* **Assignment**
Transcribe word for word the section of the records below that opens with the line containing "5er Set E14" and closes with the line containing "Red Roller Bearing"; drop every picture.

* **Input data**
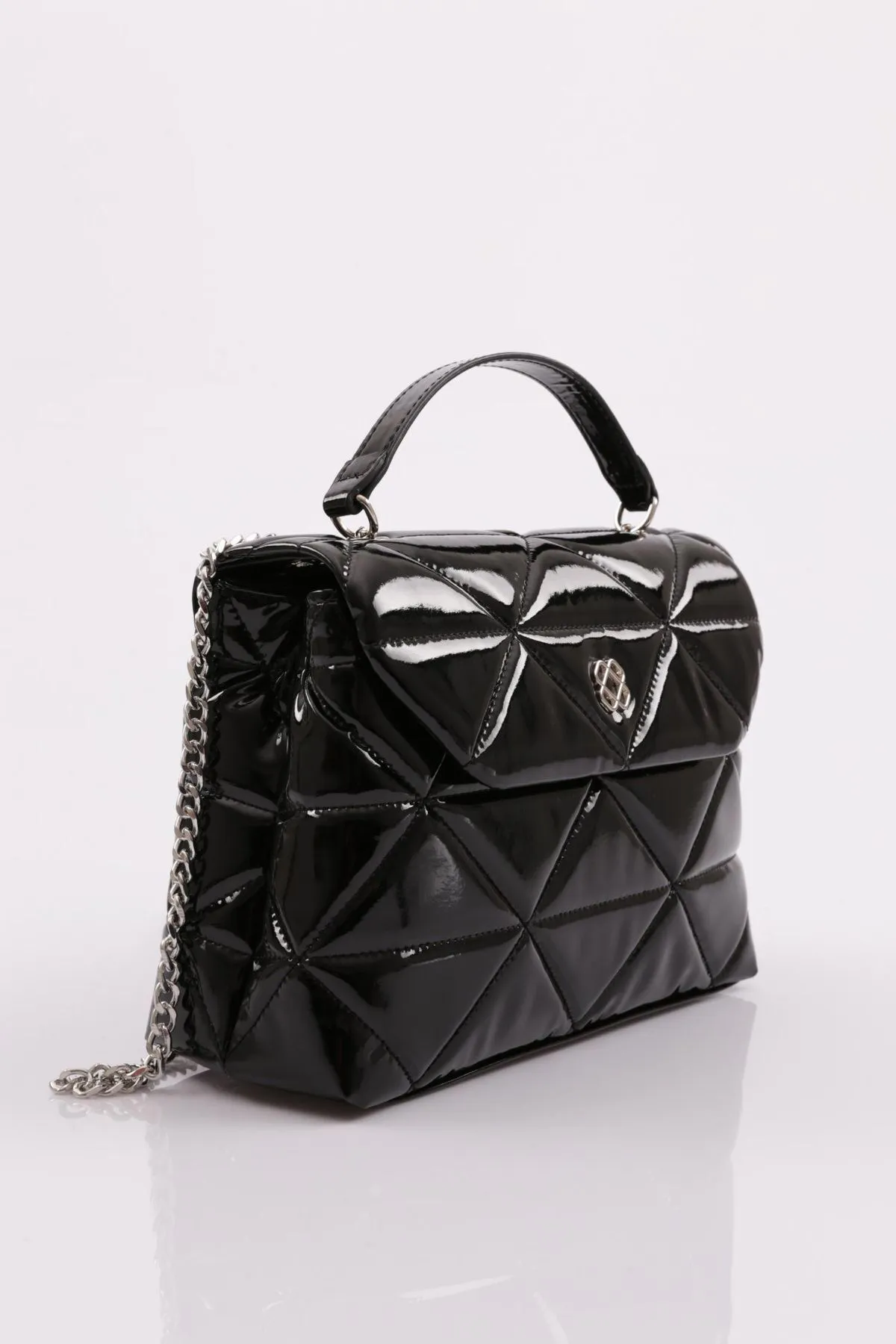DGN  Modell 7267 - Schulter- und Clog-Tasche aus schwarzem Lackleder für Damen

...

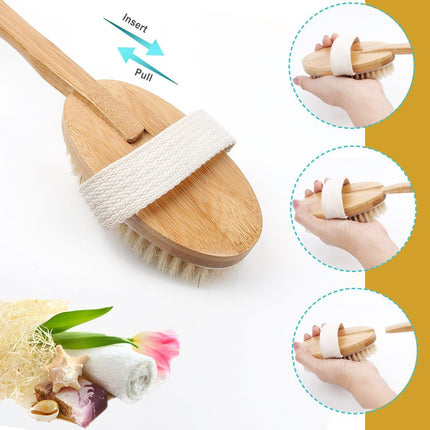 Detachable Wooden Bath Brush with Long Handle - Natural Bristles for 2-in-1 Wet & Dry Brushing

* * *

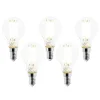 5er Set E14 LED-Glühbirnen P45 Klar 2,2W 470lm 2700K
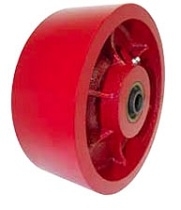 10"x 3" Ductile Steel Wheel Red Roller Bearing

* **Task output**
 5er Set E14 LED-Glühbirnen P45 Klar 2,2W 470lm 2700K
 10"x 3" Ductile Steel Wheel Red Roller Bearing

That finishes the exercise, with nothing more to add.